The most common situation is that the users ask for X. The project team dives in and does a thorough analysis of the problem and decides that what the users actually need is X1, which uses newer technology and, if they’re going to be writing code, why not get it solved right the first time even if it takes a little more up front work? The nimble project manger takes a slightly different approach, using the principle of Systems Thinking. Rather than trying to ensure that all the Ts are crossed and the Is dotted, the nimble or agile approach says to define the minimum acceptable functionality required to solve the problem, get it done quickly, and then enhance from there. The key point to understand here is that the decision to solve the immediate problem quickly and cheaply is based on the premise that once that portion of the problem is solved, the definition of the problem will have changed.
Tugging on the string
One of the real strengths of Systems Thinking is that it rescues basic process work from the scrap heap of old ideas. The best way to understand this is to visualize the company’s current processes as a tangled mass of string. In order to effectively solve the problem your project is designed to solve, it is your job to tug on the appropriate string and see where it goes. What departments are affected by the string; where does the string loop back on itself and get tangled up?
In the old days, we called it documenting the as-is process. We also invested the time and effort to identify the to-be process and then double-checked that the process made sense before anyone ever wrote a line of code. Today, process work has fallen out of favor because people believe it’s unnecessary, time consuming, and yields little value. From the perspective of the discipline of Systems Thinking, we know the problem isn’t with its value. Instead, the problem is only with how it’s done. Essentially, if you don’t understand the current system and the reach of the problem. your proposed solution will probably miss the mark.
Another factor that Systems Thinking tells us is that all systems will strive to maintain their current sense of balance. This one statement highlights an absolutely critical difference between nimble project management and conventional project management. Organizations are not assumed to be change resistant; rather, they are assumed to be trying to maintain balance in order to avoid slipping over the “edge of chaos.” A healthy system and the people within it are perfectly capable of adapting when circumstances require it, but homeostasis is the preferred norm.
Systems Thinking
According to Senge, the discipline of Systems Thinking can be approached on three distinct levels:
- Practice
- Principles
- Essence
Senge views these as a pyramid that an individual can ascend by first mastering the basic practices, then understanding the articulated principle, and finally by realizing (or, to borrow a very old term from Robert Heinlein, “groking”) the essence.
This view of ascent is one place where I have to disagree with Senge.

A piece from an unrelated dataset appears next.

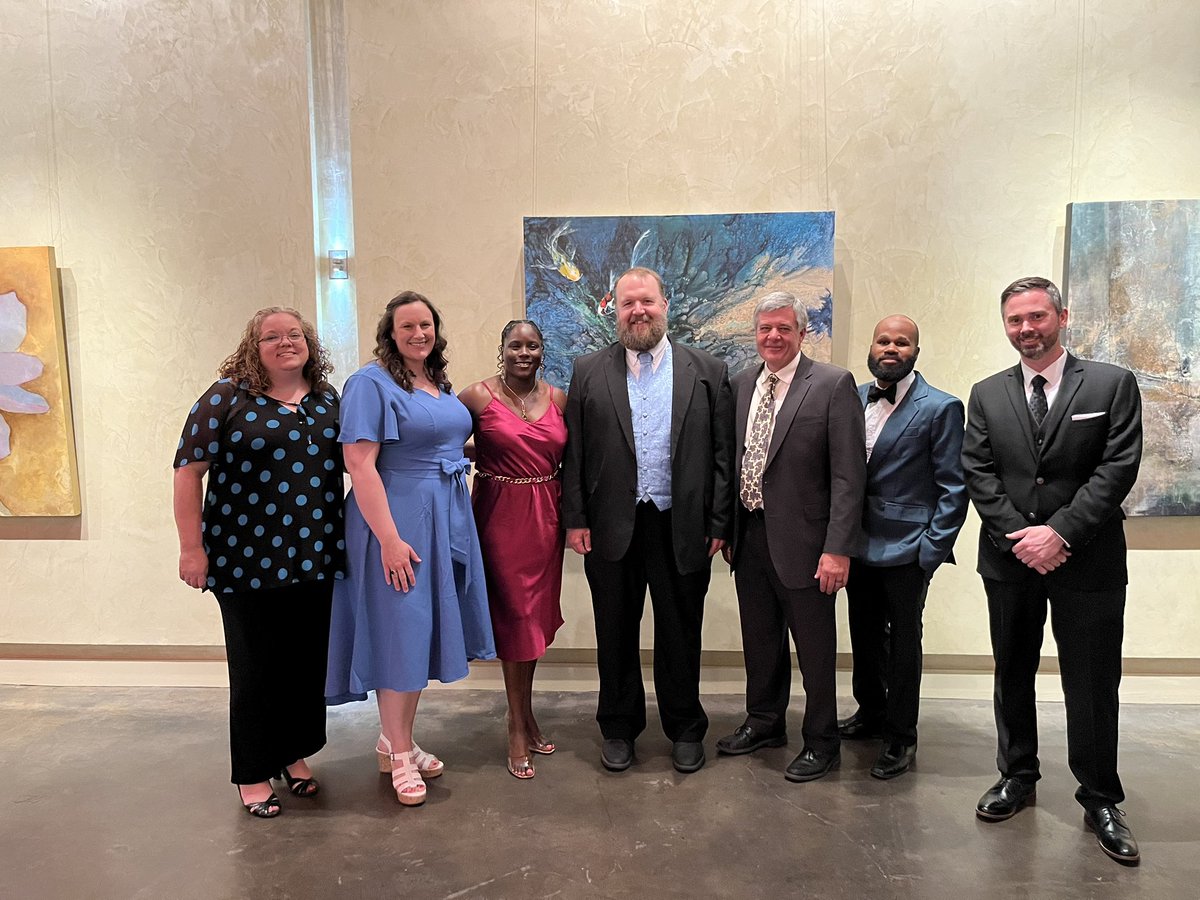 CarlaWpe's tweet image. JL Mann Prom 2024💖💫.  #24Kmagic #adminteam #educatorlife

I believe that It’s just as easy to go from the essence to the practice as it is to go from the practice to the essence. It just depends on how your mind works. Around 20 years ago, when I first began hiring analysts and project managers, I recognized that only about 25 percent of the people I interviewed seemed to have the right mind-set to do the work I wanted them to do. At the time, I didn’t have the right words to describe either what I was looking for or what it was I was seeing in the people I did hire. I now know that it was the instinctive ability to approach the world from the perspective of a systems thinker. Unfortunately, 20 years ago I only had the ability to hire or not hire; I couldn’t train or grow personnel who weren’t instinctive systems thinkers.
Senge’s fifth discipline has removed those barriers and effectively leveled the playing field. Becoming a nimble project manager is now a choice that is open to everyone who wishes to understand and practice the discipline of Systems Thinking. The next article in this series covers the discipline of Shared Vision.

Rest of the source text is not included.